2. For starters, take a look at qsort() from <stdlib.h> and strcmp() from <string.h>.

3. Well fundamentally when you compare two strings using strcmp(st1, st2), it returns -1, 0 or 1 depending on whether st1 is less, equal, or greater than st2 respectively. Whatever sort algorithm you implement, it will probably be based on comparing two elements at a time.

4. Originally Posted by nonoob
Well fundamentally when you compare two strings using strcmp(st1, st2), it returns -1, 0 or 1 depending on whether st1 is less, equal, or greater than st2 respectively.
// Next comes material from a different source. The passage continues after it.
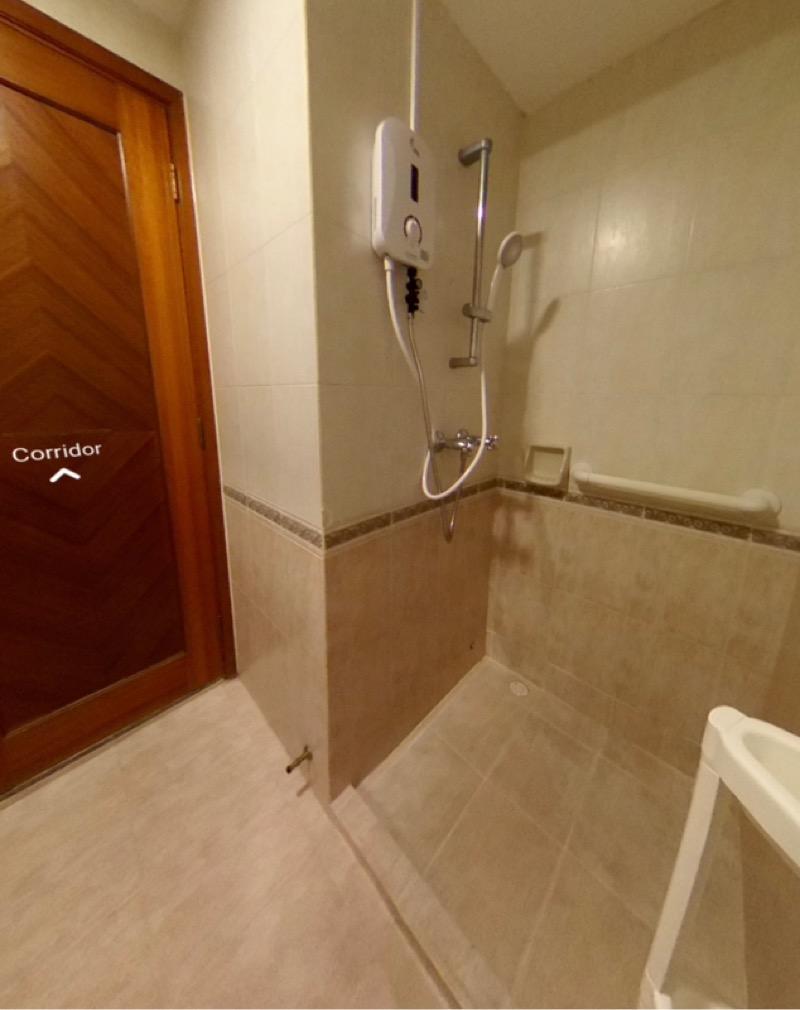 Condominium for Rent: D18, 529893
Whatever sort algorithm you implement, it will probably be based on comparing two elements at a time.
Technically, it doesn't have to be -1, 0 or 1, but rather "a negative, zero or a positive" value. Often, strcmp() returns (*st1 - *st2), which of course will not usually be -1 or 1 if st1 and st2 aren't equal.

--
Mats

5. Correct again.

6. This is for nonoob. Though I do believe he is a linux guy, in which case he doesn't get a string comparison function that returns -1, 0, or 1 as its only return values.

7. First of all, that one is int CompareString(), which requires who-knows-what header and linking headaches. No thanks. I stick with things that work and would write my own if I had to.
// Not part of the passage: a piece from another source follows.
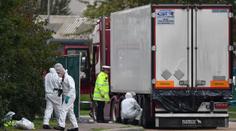 V kamionu se udusilo 39 migrantů. Pašeráci dostali přísné tresty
Then is says this curious thing:

To maintain the C run-time convention of comparing strings, the value 2 can be subtracted from a nonzero return value. Then, the meaning of < 0, ==0 and > 0 is consistent with the C run times.

Um. does that mean that natively it returns

3 - if the result indicates a > b
1 - if the result indicates a < b
0 - if the result indicates a == b

That way, when you subtract 2 from the non-zero results, you get 1 and -1 respectively.

8. If you include windows.h you can have that function. I thought those values were -1,0, and 1. My bad. I just use the macros that the docs say to use when comparing. It is a windows specific thing and I thought I would mention it for the sake of personal growth. Or whatever you want to call it.